Perhaps it’s something about the perfectly crafted shots, with sets, framing, costumes, and positioning all choreographed in meticulous detail. Perhaps it’s the sherbet colors. Or maybe it’s something about the stoic and dour expressions on everyone’s faces.
In any case, Moonrise Kingdom, opening today, is very Wes Anderson-y, if that’s a word.
It’s a whimsical, wryly humorous romp through 1960s adolescence, with as much of the heart coming from the world Anderson creates as from his story.
The film opens as the camera stares through the many rooms of a cozy house enduring the rain on a wooded island in New England. The camera stares through all the rooms as a girl would look into her carefully crafted dollhouse, the front opened up to observe the inhabitants. Three little boys, a mother and a father are all passing away a rainy day in mundane activity. And Suzy (Kara Hayward), only 12 and wearing dayglow blue eyeshadow, is listening to music.
Meanwhile, across the lightly inhabited island, the Khaki Scouts are waking up for their morning drills in their almost entirely outdoor camp. The Khaki Scouts are either a send-up of or an homage to the Boy Scouts. With Wes Anderson, it’s hard to tell and may well be both. Boys who spend their summer at camp, learning outdoor skills, they live in a fantasy world of building tree forts and doing rifle practice, all under the quasi-military eye of Scoutmaster Ward (Edward Norton).
But one is missing. Sam (Jared Gilman) has left camp. Not so much escaped as graciously resigned from the Scouts, Sam has an appointment to keep with Suzy.
When Suzy turns up missing as well, the entire Khaki Scout troop joins with the police officer (Bruce Willis) and Suzy’s parents (Frances McDormand and Bill Murray) to find them before a huge storm hits the island.
That’s the setup, but the devil, or in this case, the angel, is in the details.
And details are what Anderson knows. They create a hilarious and warm universe in which these characters come to life.
So when Suzy runs away, she lugs a suitcase full of her favorite girlhood fantasy literature and her brother’s portable record player. (For those of you who don’t know, records are how we used to listen to MP3s before iPods, only we called them “LPs” or “singles.”)

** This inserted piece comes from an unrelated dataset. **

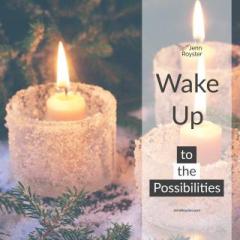 The Jenn Royster Show: Angel Messages: Our Sacral Chakra is Waking Up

Sam bustles with self-important but largely untested wilderness skills, smokes a pipe, and never takes off his coonskin cap.
The two twelve year olds talk at each other rather than to each other, as twelve year olds are wont to do.

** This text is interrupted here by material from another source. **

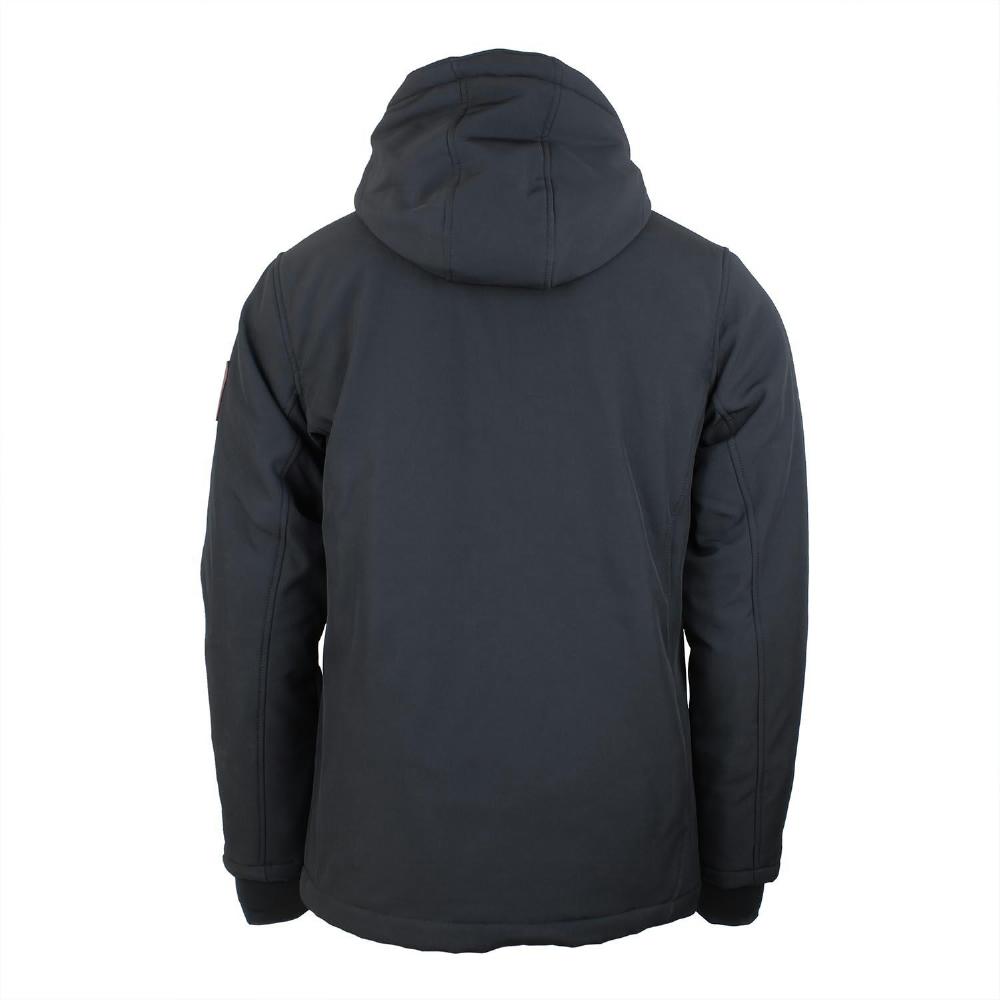 Veste Veste sport softshell - Noir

But they – and this is the twist that makes the movie slightly uncomfortable and challenging – feel that they, at twelve, have found the love of their lives, someone who understands and accepts the darker side of them, the rages and bad behavior that they don’t understand themselves. Their parents and Scout masters surely don’t.
They aren’t running away for sex, although there is a little tentative exploratory petting that goes on. They run away in the ultimate fantasy of the perfect escape, the perfect refuge from the world.
Of course, the larger world, in the form of a deadly approaching storm, can’t let them go all that easily.
The nice thing about the film and Anderson’s perspective, is there is no real bad guy. Although the various adults that hunt the wayward children are, in a sense, the enemy, their hearts are good and their motives pure. Even scoldings are born of love.
Make no mistake, the adults are as mixed up as the kids. The fantastic supporting cast is much more than just supporting. Willis, as a lonely cop, Murray as a lonely husband, and McDormand as a confused housewife all shine. And Edward Norton as the Scout master gives an earnest oddball performance.
In fact, they’re all pleasingly oddball, which makes the film’s almost sappy ending work.
Underneath all the careening Scouts and over the top strutting, the film is about flawed and lonely people finding and fighting for love, both kids and adults, and finding shelter from storms in each other.
Apparently, that works among quirky eccentrics as well as the rest of us.
Moonrise Kingdom is rated PG-13 for sexual content and smoking.